Water desalination has been practiced around the world, though 60% of the output capacity is located in the Middle East; the scarcity of ground water in this region has driven many nations, including Saudi Arabia, to implement large-scale desalination. In recent years however, many coastal municipalities in the US have evaluated desalination as a means of providing a sustainable water source for an ever-expanding population. While there are many methods of desalinating water, the two technologies that have been considered the most practical for large-scale use are reverse osmosis and distillation.

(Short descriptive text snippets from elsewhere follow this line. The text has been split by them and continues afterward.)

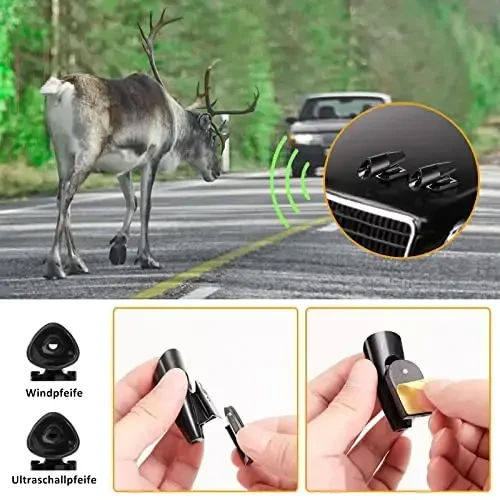 AUTODECO Набор для экстренных случаев на дороге из 82 предметов с кабелем для перемычек - Автомобильный комплект безопасности с лопатой - 5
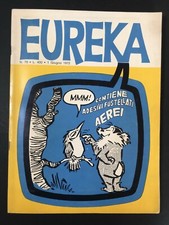 EUREKA n. 78 - Giugno 1972 - Con ADESIVI FUSTELLATI !!!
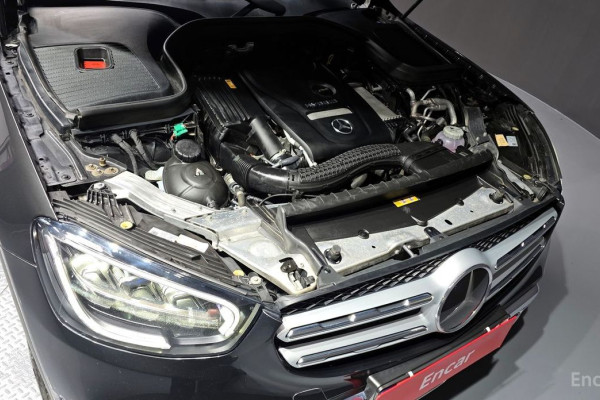 2021 Mercedes-Benz GLC с пробегом 127 648 км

In reverse osmosis (RO), the feed water is pumped at high pressure through a collection of permeable membranes, separating salts from the water. Distillation, on the other hand, heats the feed water and uses evaporation and subsequent re-condensation to extract the water, while leaving the salts and minerals. While these technologies may sound straightforward to the layman, they are rife with technical and economic drawbacks that prevent widespread implementation. Some of the major issues that contribute to this are energy use, mineral scale (mineral and salt build-up) on equipment and environmental disposal of the extracted minerals.
If one evaluates energy use, distillation can consume 7.6 to 21 megawatt-hours (MWh) of electrical energy per million gallons of water processed and RO can use 17.8 – 36.8 MWh for the same amount. When that is evaluated in the context of 80-100 gallons per person, per day (a typical water use pattern in the United States) it becomes obvious why more communities have not invested in this technology. Even if the energy costs of large-scale water desalination were tolerable at the residential level, the cost to agriculture would most likely be unbearable because of the tremendous amount of water that would be needed. For example, in America, agriculture accounts for over 80 percent of consumptive water use.
A second issue that complicates the water desalination process is scale build up on equipment. Even with additives to reduce scaling, it is common for RO facilities to be taken offline several times per year. The RO membranes must be cleaned approximately four times a year and must be replaced every three to five years. Because of the heat used in the evaporative process of distillation, scale forms at a higher rate, requiring these facilities to shut down for maintenance of tube bundles and transport pipes.
Obviously fresh water is the resulting output from the desalination process; what is not always obvious is that the salts and minerals that were extracted are also produced. As an example, the City of Santa Barbara’s desalination facility can produce 6.7 million gallons per day of fresh water, generating 8.2 million gallons per day of waste brine. The waste water has a salinity approximately 1.8 times that of seawater. An additional 1.7 million gallons per day of brine was generated from filter backwash. It is estimated that this amounts to approximately 1.7 to 5.1 cubic yards of solids per day.
One might ask why even bother to worry about the problems of desalination in the Americas; it might be assumed that there is an abundance of fresh water and it is inexpensively piped to communities. To counter that, consider that even today there are regular calls for water conservation in communities each summer. A relatively fixed number of reservoirs and well-fields are supporting a growing population and a growing agricultural base that feeds it. Projecting the trend into the future, it would be wise to plan for a day when the renewable ground water can still be used to support agriculture and desalination facilities will ease the water-demand burden in the coastal areas.
One option to consider in the short term is a shift in focus to desalinating brackish water vs. seawater. Brackish water has a lower salt and mineral concentration than seawater and therefore takes less energy to remove those minerals. Additionally a lower mass of waste products result from this conversion process. Long term, however, serious evaluation of new technologies and new materials must occur to make desalination an attractive alternative in the the quest to meet the world’s fresh water needs. It is plausible that thermoplastic and thermoset composite materials can address some of the scale and maintenance issues , and inventive solutions to tackle the energy and waste problems are currently being explored at the experimental level . Continued support of these efforts now is critical to avert a water crisis in the future.